Conference tributes came also from Yale alumnus L. Paul Bremer III, the former American proconsul of Iraq's Green Zone in 2003; from former U.S. Trade Representative Carla Hills (who embarrassingly praised Charles Hill's work with a man whom she misnamed "Boutros Boutros-Gandhi"); and from toadying Yale faculty, including Hill's Grand Strategy partners, the historians Gaddis and Kennedy, as well as from the ubiquitous political scientist Bryan Garsten and the self-avowed "public interest lawyer" and longtime program functionary Justin Zaremby. 

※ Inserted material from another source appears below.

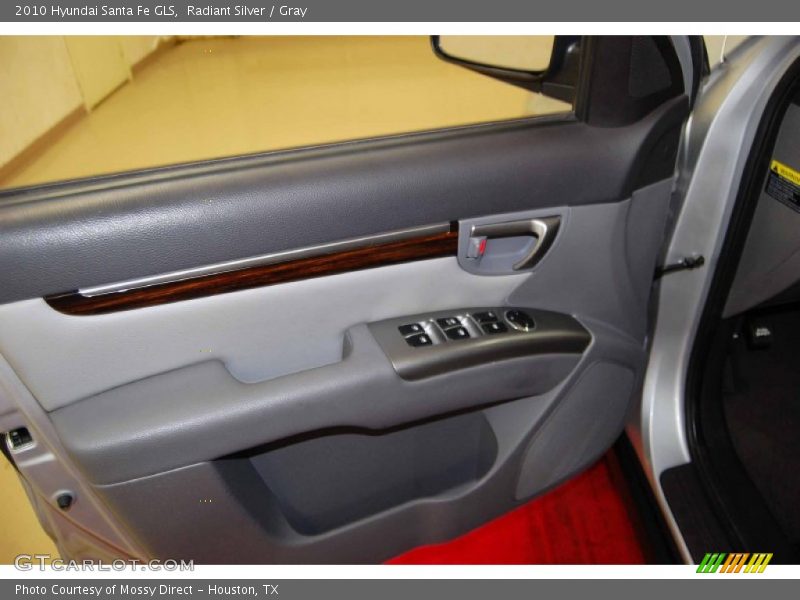 Radiant Silver / Gray 2010 Hyundai Santa Fe GLS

But a better admonition to conference goers would have been "De mortuis nil nisi veritas" ("Of the dead, say nothing but the truth"). The whole truth is that Hill instilled in student acolytes the strain of that iron yet duplicitous discipline that has run from Yale's own Puritan founders and from its first "spy," Nathan Hale, class of 1773, through its birthing of the CIA (see the movie "The Good Shepherd") and Yale's outsized role in designing and staffing 20th-century American foreign policy. "Nothing but the truth" would reveal that, in Washington as well as at Yale, Hill perpetrated something worse than diplomacy's inevitable, artful deceptions.

If you're tempted to consider this assessment over-determinedly liberal or leftist, read a strongly similar assessment of Hill in The American Conservative magazine by Michael Desch, a professor at the George H.W. Bush School at Texas A&M University. Desch reports — as the recent, credulous, error-ridden Washington Post obituary for Hill does not — that "Hill was forced to resign from the Foreign Service after it became clear that he had concealed evidence of Shultz's extensive knowledge of the Iran-Contra scandal from federal agents." Hill was a "Diplomat in Residence" at Yale because he was a diplomat in exile from Washington. And that's only the beginning of what the nil nisi bonum faithful evaded.

When teaching becomes political 

It's worrisome enough that today's financialization of everything in America is forcing university development officers to rely not only on conservative donors with "agendas" such as those of the Yale programs I've mentioned, but also on civically rudderless benefactors such as private equity baron Stephen Schwarzman, whose priorities constrain universities to become business corporations in an education industry that incentivizes students to become not citizens of a republic or the world but mincing, self-marketing, indebted buyers and sellers.  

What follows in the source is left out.